Thursday, September 8, 2011


The first and most important step for this recipe, I found, is to have a nice set of small bowls.  Not small like small soup bowls, but small like salt bowls.  Like the ones made by The One and Only Anderson Bailey (at least the one and only who makes gorgeous salt bowls).  These bowls have many uses, big and small, and will take you far in life, I promise.

Onigiri are easier than they look, but next time I am going to flavor the rice up more.  The recipe I used was from Canning For a New Generation by Liana Krissoff and it didn't call for anything in the rice.  I added a little salt and quite a bit of rice vinegar and bit of honey, but it was still a bit bland for my taste.  Next time I think I'll make some real sushi vinegar by soaking some kombu in the rice vinegar, and that might help give the rice some of the ever-desired umami.
  • 2 cups sushi rice
  • Stuffins such as fermented or pickled veggies.  I used a mixture of kimchee and  fried bacon, all chopped up and crumbly.  Use whatever you want to fill- just make sure it is strong and salty.
  • Sushi Vinegar (or rice vinegar mixed with a little sugar and some kind of salt- you can use soy sauce or dulce flakes if you don't mind the rice not being pristine)
  • Nori
Rinse the rice well, until the water runs clear.  This helps it from becoming super gunky.  Put it in a medium saucepan with 2 1/4 cup of water.  Lisa says to let it soak for 30 minutes, but I just went ahead and cooked mine without soaking.  Bring the water to a boil and then reduce to a small simmer for about 10 minutes, or til the water has been absorbed and the rice is tender.  Sushi rice is a little trickier than long-grain rice, and a little fickle as well.  It is important to not peak while it's cooking, maybe just look once to make sure that water is still simmering.  And don't stir it, as it will get gluey.  When it is done remove it from the stove, take off the lid, and put a clean, wet dishtowel on top.  Set aside to cool for about 10 minutes.

When the rice has cooled some, scoop it into a bowl, break it up with a wooden paddle, and pour about 1/4 a cup of the vinegar over it.  Fold the vinegar gently but thoroughly into the rice, taste it, and add more vinegar until it tastes good.  The filling for the onigiri should be rich and salty so don't give the rice too much flavor, as you want a nice contrast.  Again cover the rice with a wet towel and keep it there as you work out of the bowl.

Fill a bowl with warm water and set it aside to dip your fingers into.  This is the secret to keep sticky rice from sticking to your hands.  Line a very small bowl or teacup (or several) with a small piece of plastic wrap.  I have never bought plastic wrap before in my life (seriously!) until I made these.  It works very nicely though,  and now I have some on hand for next time.   Wet your fingers and pluck about a 1/4 a cup of rice from the bowl.  Roughly shape it into a ball, make a dent in the center, and spoon a teaspoon of the filling inside.  Pull the plastic wrap over the rice ball and twist to close.  As you do this the rice will wrap itself around the filling.
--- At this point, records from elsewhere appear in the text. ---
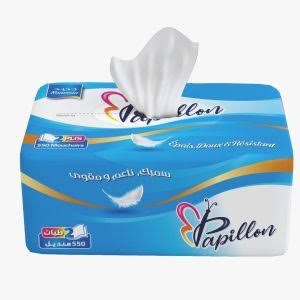 papillon mouchoir 2plis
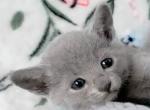 Russian Blues Kittens - Russian Blue Kitten For Sale - Charlotte&comma; NC&comma; US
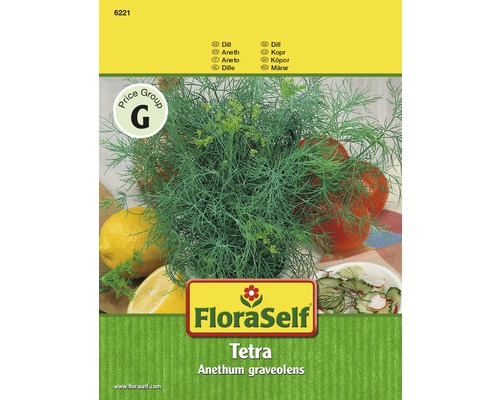 Aneth 'Tetra' FloraSelf semences non-hybrides semences de fines herbes-0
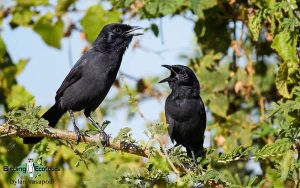 Eastern Uganda Birding Tour
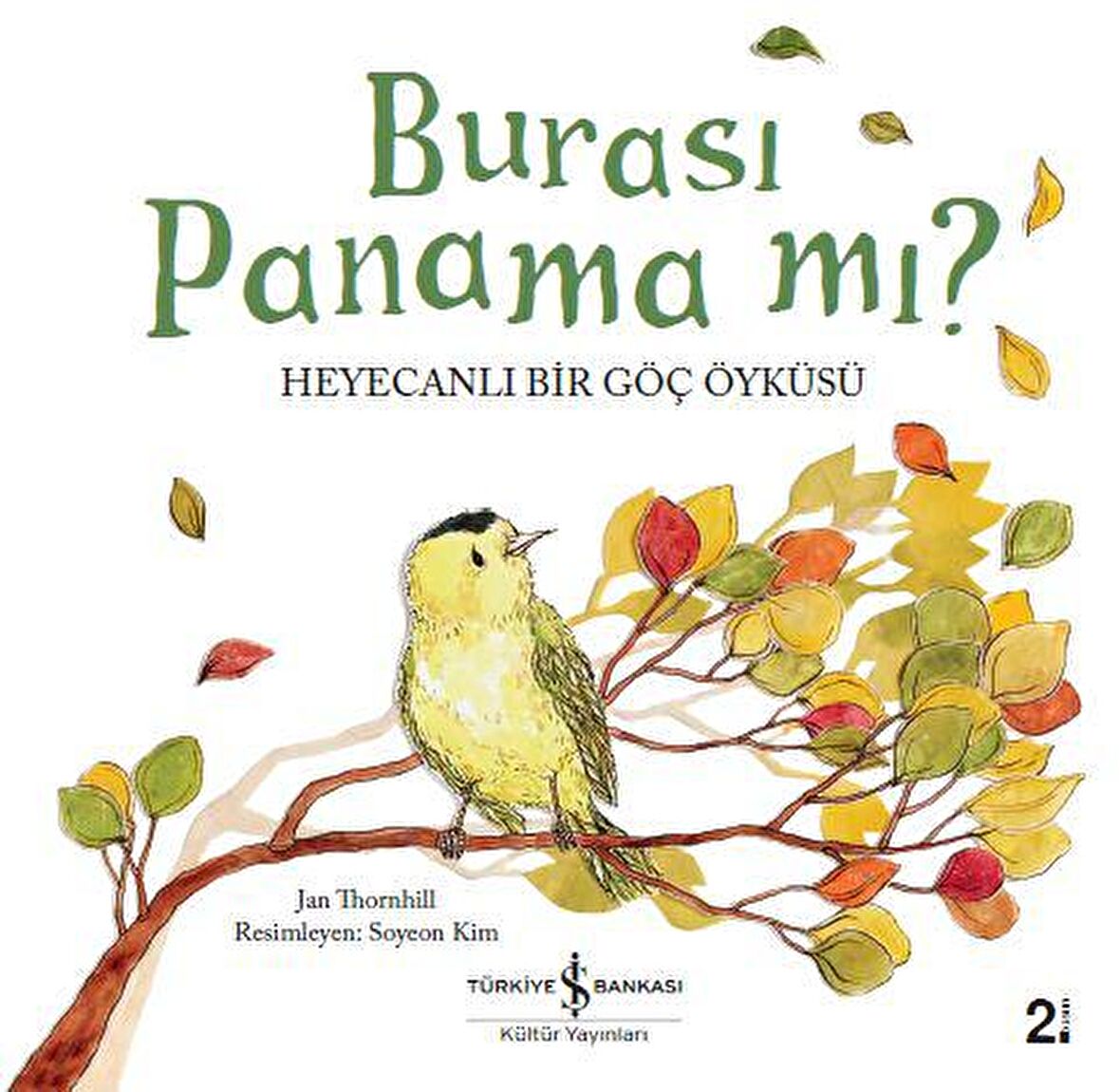 Burası Panama mı? Heyecanlı Bir Göç Öyküsü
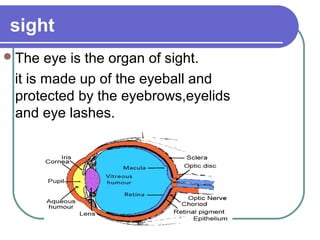 sight
 The  eye is the organ of sight.
 it is made up of the eyeball and
 protected by the eyebrows,eyelids
 and eye lashes.
 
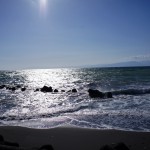 神奈川ブロック協議会20120204_24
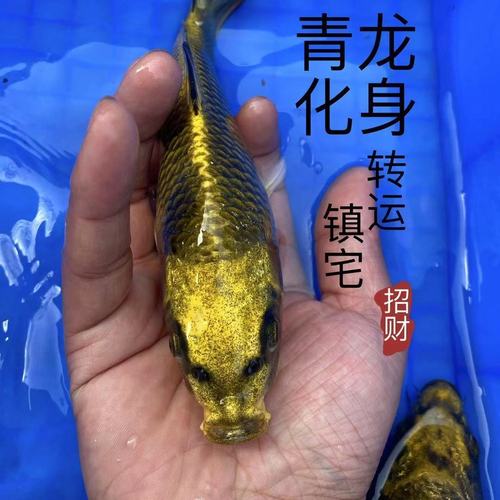 高档观赏鱼日本纯种锦鲤转运招财风水鱼镇宅古黄金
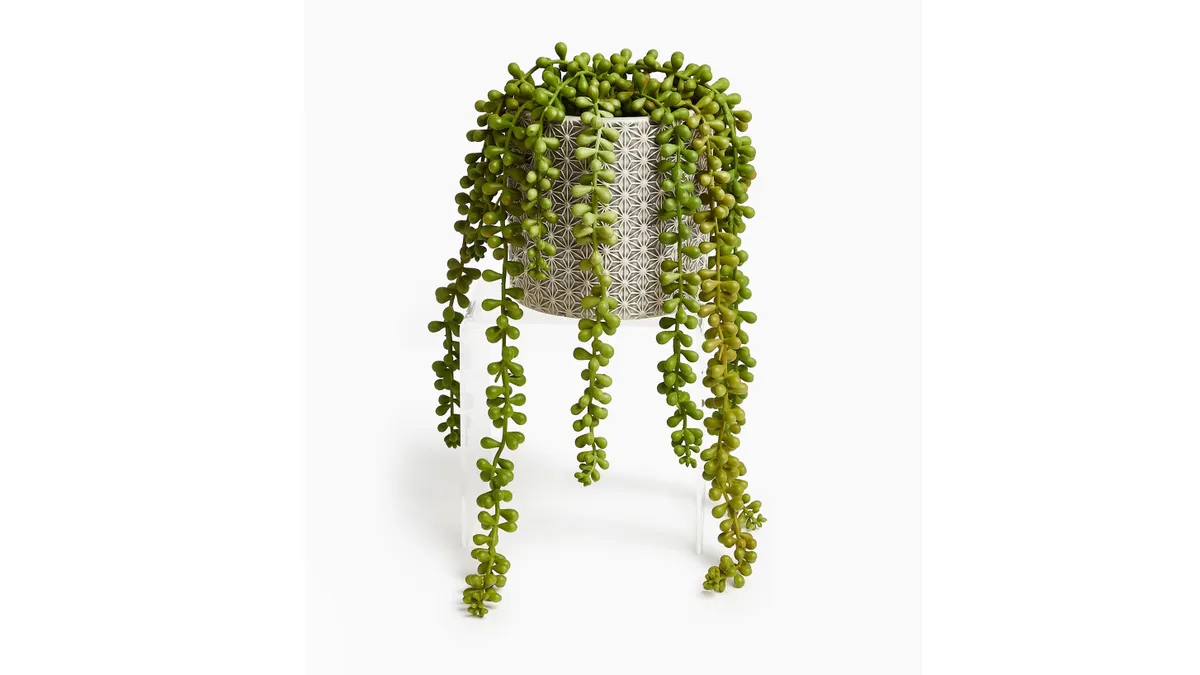 A trailing string of pearls plant in a patterned pot on a white background.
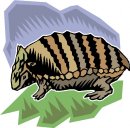 animali/vari/clipart_animali_vari_103.jpg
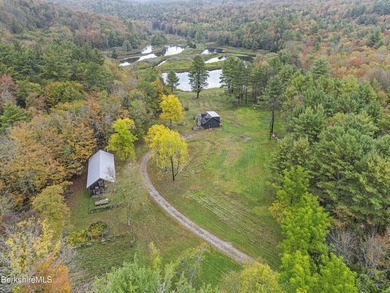 Fabulous Property with ponds, rushing streams, huge acreage & a - photo 3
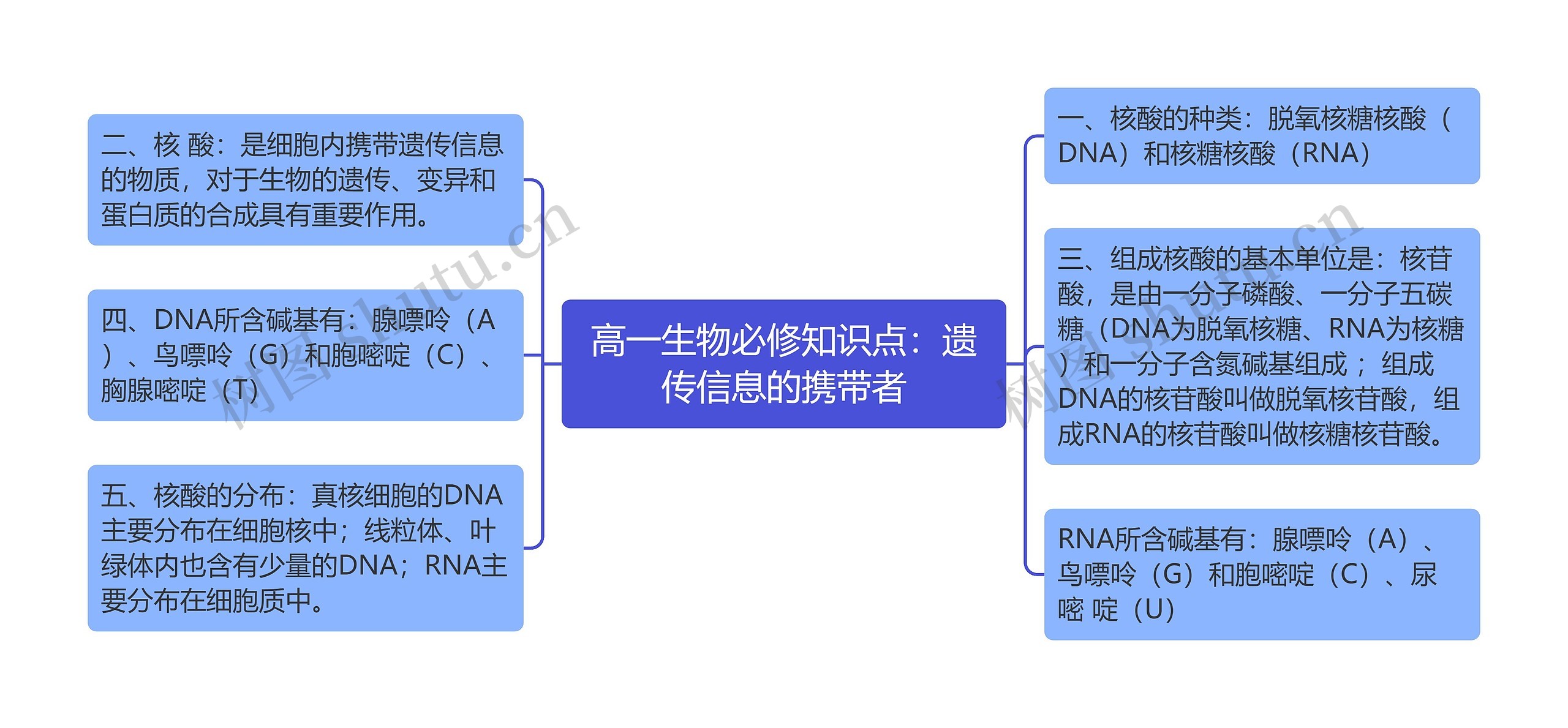 高一生物必修知识点：遗传信息的携带者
Don't worry if some filling oozes out.  You will cover the bottom with nori anyway. Set aside.

Repeat until the rice is gone and you have a whole lot of nice tidy rice balls.  You may unwrap and eat them immediately  or put them still wrapped in the fridge for later.   To serve, tear a small squarish rectangle from a sheet of nori, take the plastic off the onigiri, and press the nori square around the bottom.  Enjoy by itself, or serve with a dipping sauce if desired.